Search each line below for the word "glass" and list those that contain it.
***** Records for this exercise
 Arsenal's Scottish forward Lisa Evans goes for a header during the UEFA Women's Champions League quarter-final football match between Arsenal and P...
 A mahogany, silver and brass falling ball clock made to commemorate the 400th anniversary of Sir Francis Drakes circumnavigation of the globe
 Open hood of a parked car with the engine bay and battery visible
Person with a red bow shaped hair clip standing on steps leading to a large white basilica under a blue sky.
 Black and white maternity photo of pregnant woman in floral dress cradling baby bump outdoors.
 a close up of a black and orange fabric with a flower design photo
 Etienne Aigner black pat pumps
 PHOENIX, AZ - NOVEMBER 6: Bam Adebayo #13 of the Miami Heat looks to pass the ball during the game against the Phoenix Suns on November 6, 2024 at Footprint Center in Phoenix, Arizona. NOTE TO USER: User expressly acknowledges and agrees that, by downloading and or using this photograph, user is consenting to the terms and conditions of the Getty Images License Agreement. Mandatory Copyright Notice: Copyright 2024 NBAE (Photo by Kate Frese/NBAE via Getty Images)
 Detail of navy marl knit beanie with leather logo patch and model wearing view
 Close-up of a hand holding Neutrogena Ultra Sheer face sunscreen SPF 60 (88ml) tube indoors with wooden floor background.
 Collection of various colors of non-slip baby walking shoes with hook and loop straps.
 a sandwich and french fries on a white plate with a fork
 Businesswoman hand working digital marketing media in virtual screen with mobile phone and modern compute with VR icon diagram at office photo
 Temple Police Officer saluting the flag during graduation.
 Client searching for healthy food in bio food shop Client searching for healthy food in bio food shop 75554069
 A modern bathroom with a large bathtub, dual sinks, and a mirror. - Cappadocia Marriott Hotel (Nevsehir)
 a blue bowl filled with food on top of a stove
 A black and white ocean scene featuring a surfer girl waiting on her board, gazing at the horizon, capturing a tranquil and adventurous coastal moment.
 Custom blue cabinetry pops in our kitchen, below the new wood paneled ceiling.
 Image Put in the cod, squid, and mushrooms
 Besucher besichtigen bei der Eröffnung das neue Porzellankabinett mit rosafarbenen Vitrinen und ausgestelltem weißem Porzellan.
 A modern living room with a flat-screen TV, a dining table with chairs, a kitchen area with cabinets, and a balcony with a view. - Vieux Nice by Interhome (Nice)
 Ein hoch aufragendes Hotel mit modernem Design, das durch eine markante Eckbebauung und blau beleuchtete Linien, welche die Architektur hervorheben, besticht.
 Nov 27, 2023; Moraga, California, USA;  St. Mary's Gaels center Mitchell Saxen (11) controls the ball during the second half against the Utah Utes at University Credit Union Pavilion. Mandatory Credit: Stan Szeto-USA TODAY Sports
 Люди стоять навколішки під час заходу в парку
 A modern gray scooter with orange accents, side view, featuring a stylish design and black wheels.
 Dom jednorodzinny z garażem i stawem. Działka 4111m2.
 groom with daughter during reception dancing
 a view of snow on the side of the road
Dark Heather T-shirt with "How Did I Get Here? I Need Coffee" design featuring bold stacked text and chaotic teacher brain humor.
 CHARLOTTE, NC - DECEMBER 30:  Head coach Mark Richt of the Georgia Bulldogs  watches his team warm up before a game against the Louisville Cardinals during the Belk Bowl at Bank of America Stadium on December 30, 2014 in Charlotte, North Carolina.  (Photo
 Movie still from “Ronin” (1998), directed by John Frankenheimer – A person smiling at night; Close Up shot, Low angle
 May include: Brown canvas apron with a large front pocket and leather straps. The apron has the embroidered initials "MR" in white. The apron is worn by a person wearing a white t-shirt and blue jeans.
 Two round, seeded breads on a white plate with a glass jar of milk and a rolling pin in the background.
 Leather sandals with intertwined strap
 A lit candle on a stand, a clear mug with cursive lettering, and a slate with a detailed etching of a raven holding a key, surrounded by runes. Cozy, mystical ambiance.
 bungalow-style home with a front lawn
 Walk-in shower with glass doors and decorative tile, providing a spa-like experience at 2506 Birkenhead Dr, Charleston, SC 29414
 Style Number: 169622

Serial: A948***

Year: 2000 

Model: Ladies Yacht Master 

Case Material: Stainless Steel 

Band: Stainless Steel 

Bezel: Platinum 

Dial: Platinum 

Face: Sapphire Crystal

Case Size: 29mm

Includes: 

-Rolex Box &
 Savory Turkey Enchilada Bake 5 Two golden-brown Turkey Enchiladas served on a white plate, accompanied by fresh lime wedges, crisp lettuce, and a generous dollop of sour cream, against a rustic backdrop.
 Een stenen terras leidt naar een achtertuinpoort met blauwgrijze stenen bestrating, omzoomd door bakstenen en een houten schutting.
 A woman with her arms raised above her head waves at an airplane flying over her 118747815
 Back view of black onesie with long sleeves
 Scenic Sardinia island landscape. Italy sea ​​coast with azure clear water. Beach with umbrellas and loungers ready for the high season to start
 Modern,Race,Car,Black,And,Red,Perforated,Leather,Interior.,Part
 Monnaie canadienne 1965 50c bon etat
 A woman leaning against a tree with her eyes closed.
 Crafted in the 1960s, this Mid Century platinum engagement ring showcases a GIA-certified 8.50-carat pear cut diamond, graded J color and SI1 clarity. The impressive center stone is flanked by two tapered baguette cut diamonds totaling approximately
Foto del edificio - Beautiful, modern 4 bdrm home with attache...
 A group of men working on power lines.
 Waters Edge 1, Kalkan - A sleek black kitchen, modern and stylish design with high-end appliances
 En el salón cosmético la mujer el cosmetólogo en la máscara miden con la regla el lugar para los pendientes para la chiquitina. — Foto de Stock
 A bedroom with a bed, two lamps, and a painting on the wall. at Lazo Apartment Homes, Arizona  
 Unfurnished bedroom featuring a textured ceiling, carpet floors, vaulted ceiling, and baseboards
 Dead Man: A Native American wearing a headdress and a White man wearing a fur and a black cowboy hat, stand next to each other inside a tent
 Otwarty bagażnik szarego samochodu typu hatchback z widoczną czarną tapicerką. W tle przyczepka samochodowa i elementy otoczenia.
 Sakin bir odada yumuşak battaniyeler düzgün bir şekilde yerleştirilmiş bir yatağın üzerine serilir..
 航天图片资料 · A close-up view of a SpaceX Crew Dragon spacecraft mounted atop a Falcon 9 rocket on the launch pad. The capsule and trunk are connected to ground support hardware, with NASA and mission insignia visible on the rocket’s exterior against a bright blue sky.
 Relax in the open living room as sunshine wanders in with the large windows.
**********
# [Reply to the task]
 Two round, seeded breads on a white plate with a glass jar of milk and a rolling pin in the background.
 Walk-in shower with glass doors and decorative tile, providing a spa-like experience at 2506 Birkenhead Dr, Charleston, SC 29414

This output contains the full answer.